Après examen, l’œuvre de Méo ne sera finalement ni détruite, ni partiellement effacée, ni retouchée. Le pôle « Valeurs de l’école de la République » du ministère de l’Éducation nationale a, en effet, accepté le compromis proposé par l’artiste réunionnais, consistant à accompagner sa fresque d’un texte explicatif, et, cet avis a été suivi par le recteur de La Réunion2. Le texte rédigé devra donc figurer aux côtés de l’œuvre, ce qui, au passage, ne retirera rien à sa force. Mieux encore, le message que livre Zoli Kér, se trouve même renforcé, puisqu’il a été officiellement jugé conforme aux valeurs de la République.

Un point négatif peut, malgré tout, être signalé, car il semblerait que, par son exemple, le corps professoral ait malencontreusement enseigné aux élèves que la censure d’une œuvre d’art pourrait être légitime pour des raisons idéologiques… Et si, comme cela pouvait être redouté, l’avis de quelques experts nationaux des valeurs de la République avait mené à la censure du message que la fresque de Méo véhicule, quel regard sur la France auraient alors porté les jeunes Réunionnais qui, ayant compris le sens profond de cette œuvre et en accord avec elle, ressentent l’enseignement du créole et de l’histoire de La Réunion comme une nécessité ?

Si tel avait été le cas, la République ne serait évidemment pas sortie grandie par la censure du message d’une œuvre qui, en substance, illustre essentiellement le besoin humain, pour toute personne quel que soit son âge, de jouir des droits de l’homme fondamentaux qui la concernent, et, en l’occurrence, de ceux inscrits à l’article 4 de la Déclaration des droits des personnes appartenant à des minorités nationales ou ethniques, religieuses et linguistiques3. Cet article énonce, d’une part : « Les États devraient prendre des mesures appropriées pour que, dans la mesure du possible, les personnes appartenant à des minorités aient la possibilité d’apprendre leur langue maternelle ou de recevoir une instruction dans leur langue maternelle. » Et d’autre part : « Les États devraient, le cas échéant, prendre des mesures dans le domaine de l’éducation afin d’encourager la connaissance de l’histoire, des traditions, de la langue et de la culture des minorités qui vivent sur leurs territoires. »

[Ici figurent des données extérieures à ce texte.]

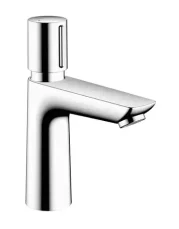 Hansgrohe - Umývadlová batéria s automatickým uzatváraním, EcoSmart, chróm (71718000)
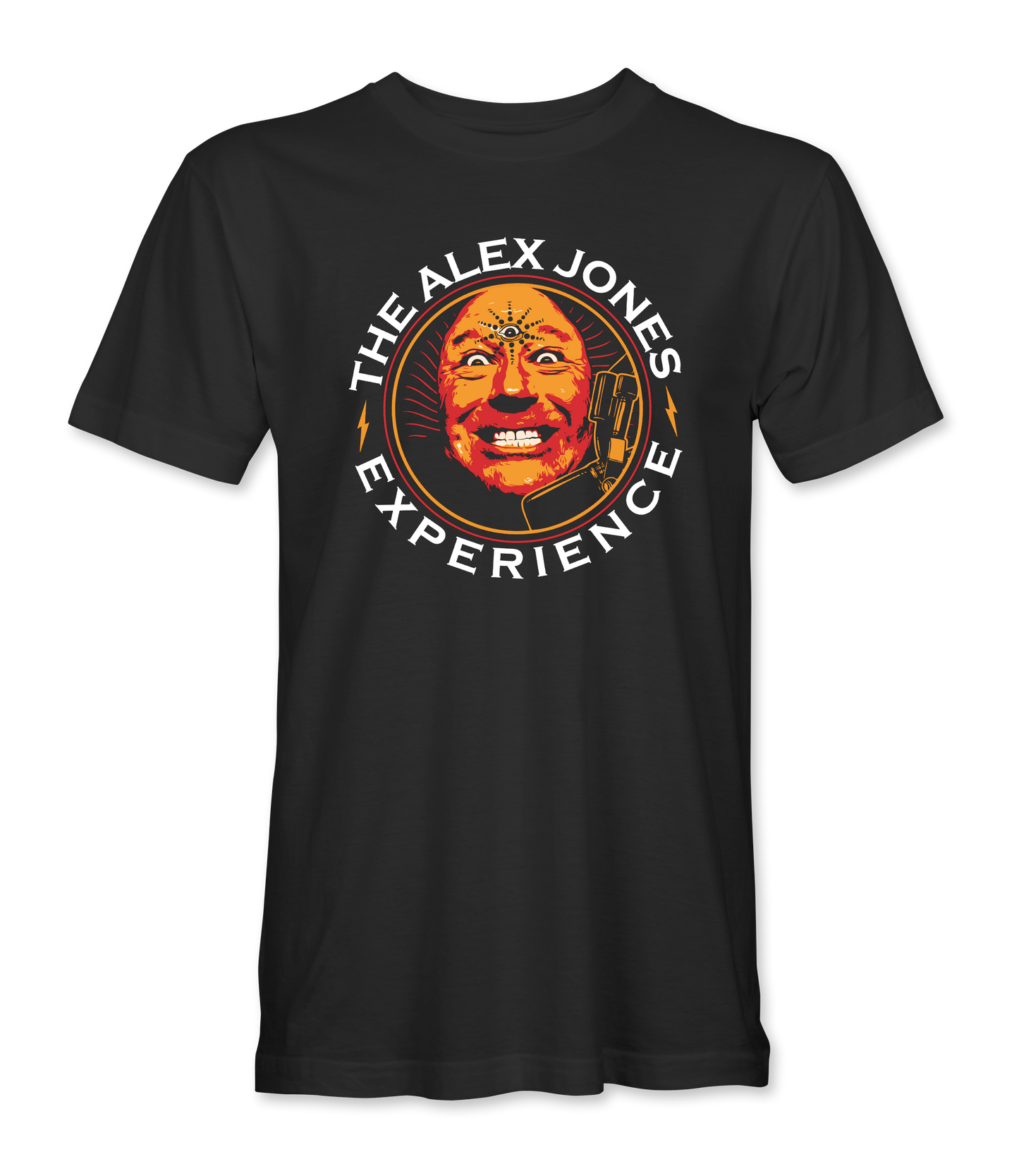 The Alex Jones Experience T-Shirt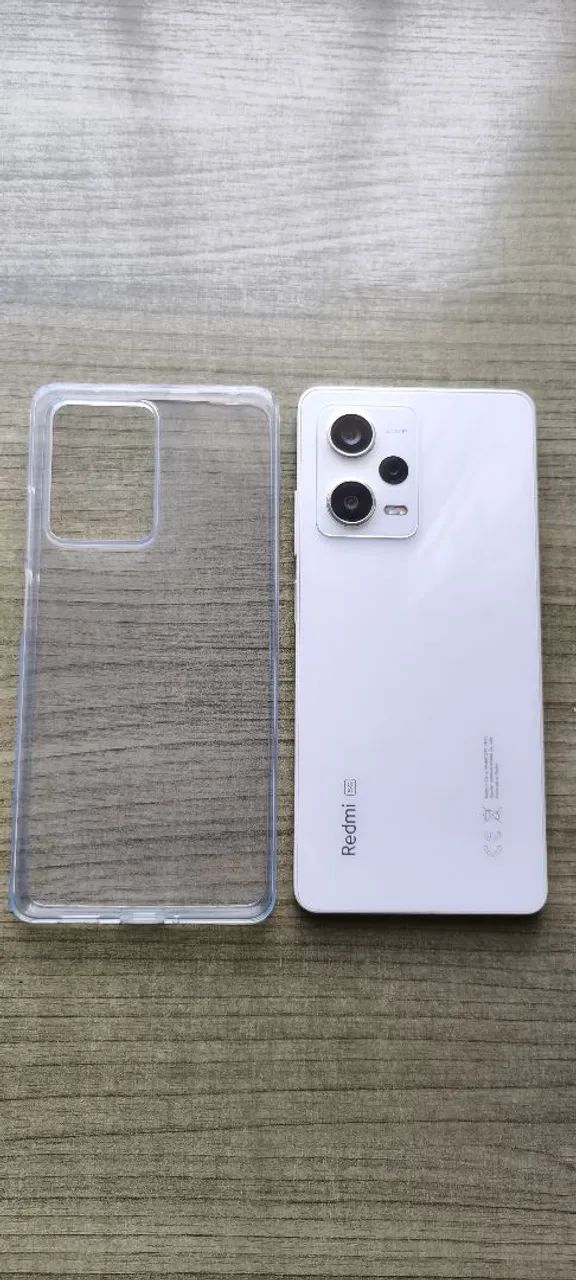 VENDO Redmi Note 12 Pro 5G - Seminovo - Foto 5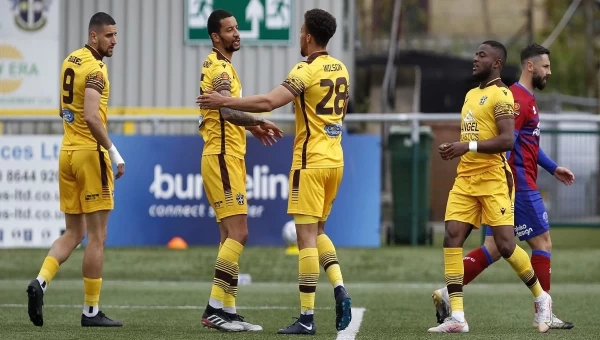 Παιχνίδι στην Λιγκ2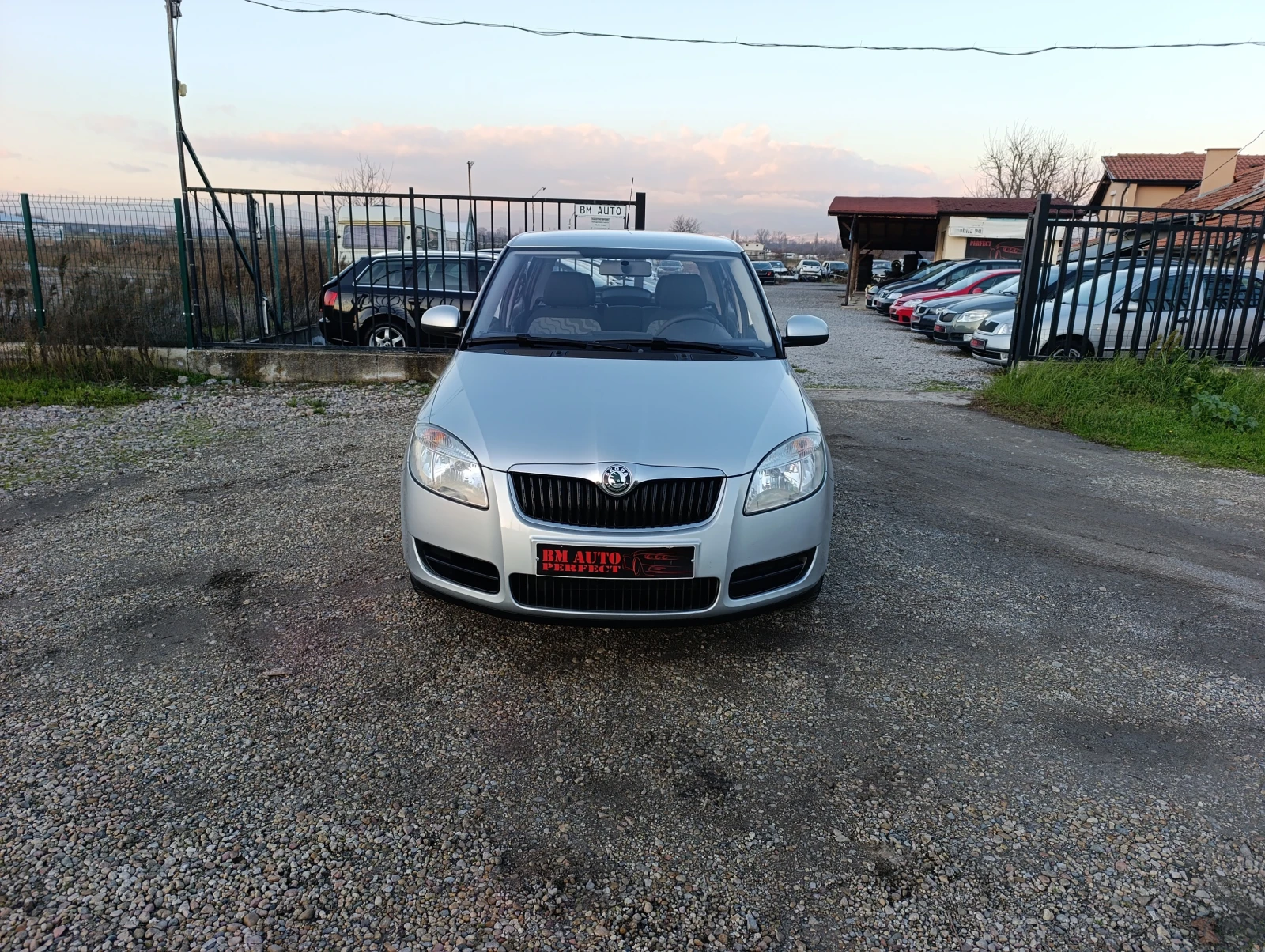 Skoda Fabia 1.2i-60, КС.БЕНЗИН - изображение 2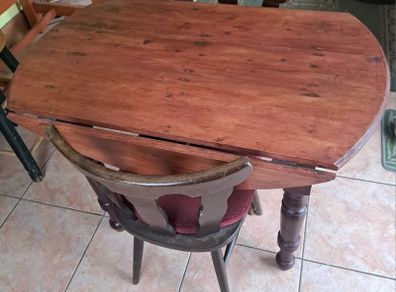 Pine Farmhouse Table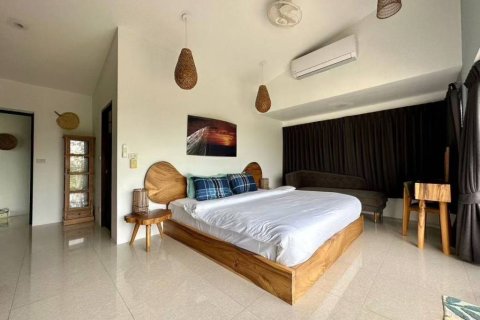 Вилла в Самуи, Таиланд с 3 спальнями  № 150448 - фото 9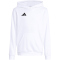 adidas Entrada 26 Hoodie Kinder JZ6561 - white/black 116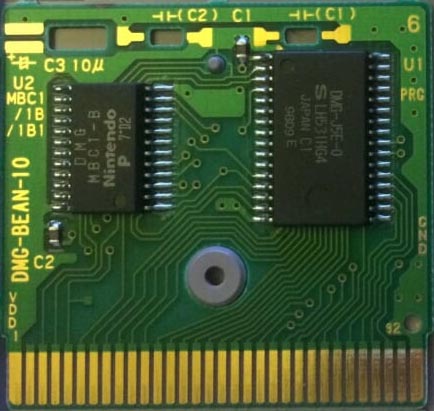 Indy Indiana Jones und der Letzte Kreuzzug FRG-2 PCB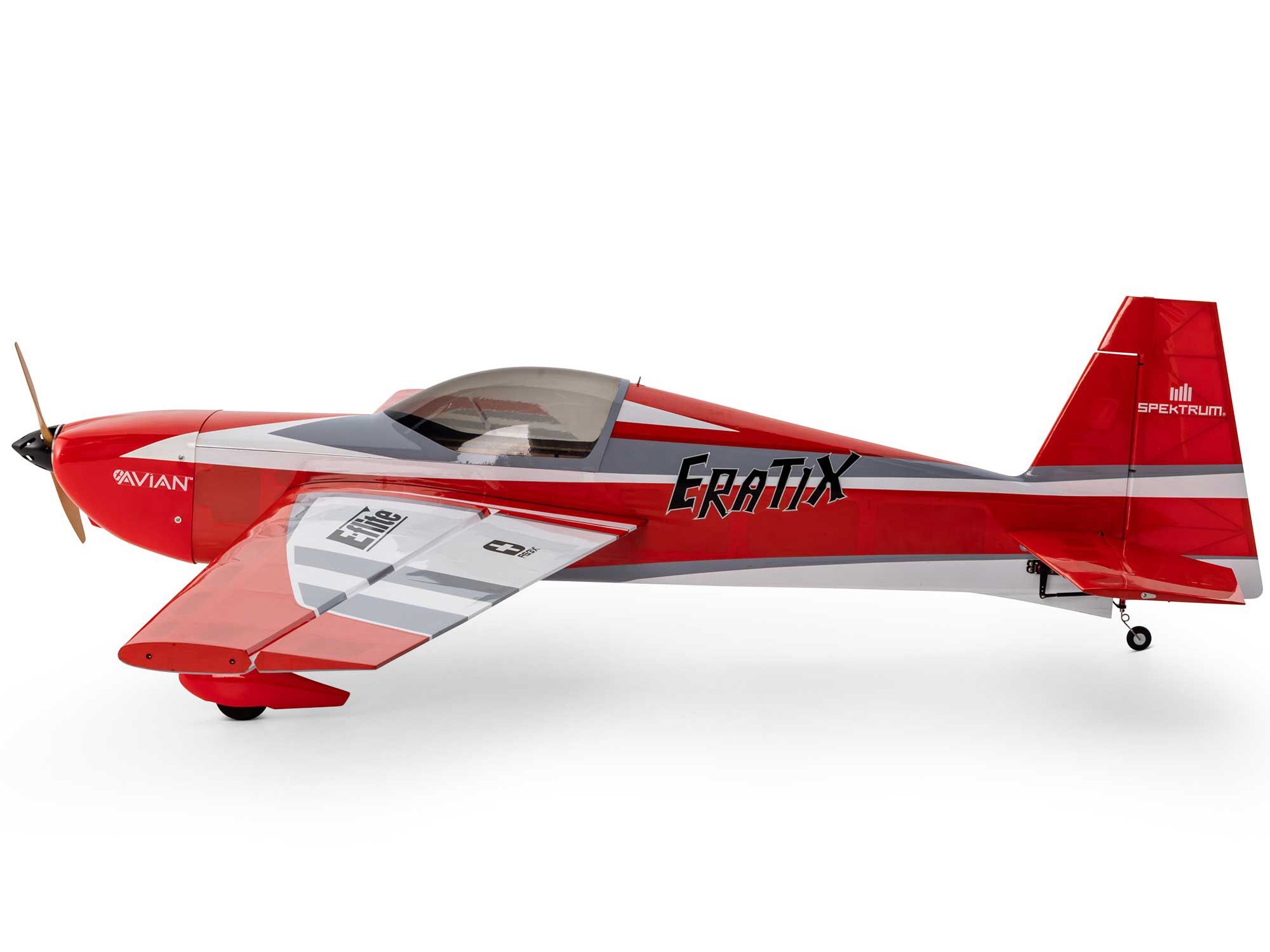 E-flite Eratix 3D SWS 1.6m (64") BNF Basic with AS3X+ & SAFE Select - Image 5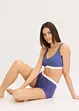 Reggiseno t-shirt senza ferretto con cotone biologico (pacco da 2), bonprix
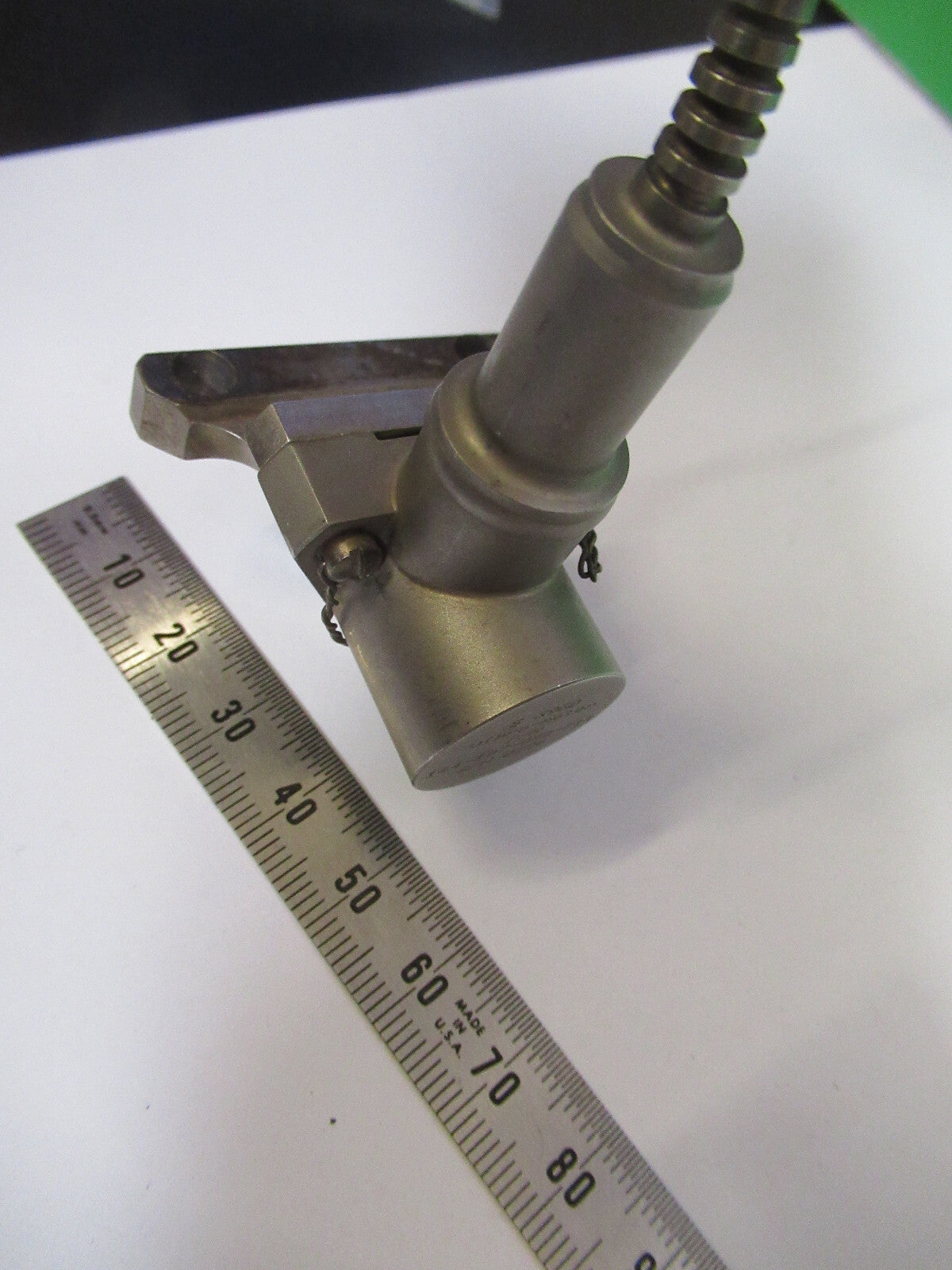 MEGGITT 144-107-000-711 NSN 6680-01-560-8734 ACCELEROMETER SENSOR AIRCRAFT X4A82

L’issue du démêlé permettra probablement d’apaiser quelque peu les tensions qui se sont cristallisées autour de cette affaire. Cependant, l’ampleur des réactions observées montre combien il demeure indispensable que l’État tire les conséquences de ce que ces dernières révèlent. Les différentes minorités territoriales ont, en effet, formulé de longue date la demande de reconnaissance du droit à l’enseignement de leur langue et de leur histoire, et entendent bien que ce droit soit mis en application. Certes, la fresque Zoli Kér de Méo restera intacte, mais les attentes que cette œuvre expriment demeurent entières elles aussi. La réponse appropriée n’est évidemment pas la censure, mais consiste, à l’inverse, en une évolution du système éducatif pour répondre aux besoins exprimés dans les différents territoires, conformément aux droits humains fondamentaux portés par les Nations unies.

Notes :

  1. « Polémique au lycée de Vincendo à Saint-Joseph : la fresque de l’artiste Méo dérange », par Annaëlle Dorressamy, Gaëlle Malet et Loïs Mussard, La 1ere, 11 avril 2024, 20 h 13, mis à jour le 12 avril 2024 à 15 h 30.
  2. « Fin de la polémique : La fresque de Méo au lycée de Vincendo restera inchangée », par Claudie Folio, Free Dom, 17 avril 2024.
  3. « Déclaration des droits des personnes appartenant à des minorités nationales ou ethniques, religieuses et linguistiques », sur le site du Haut-Commissariat des Nations unies aux droits de l’homme.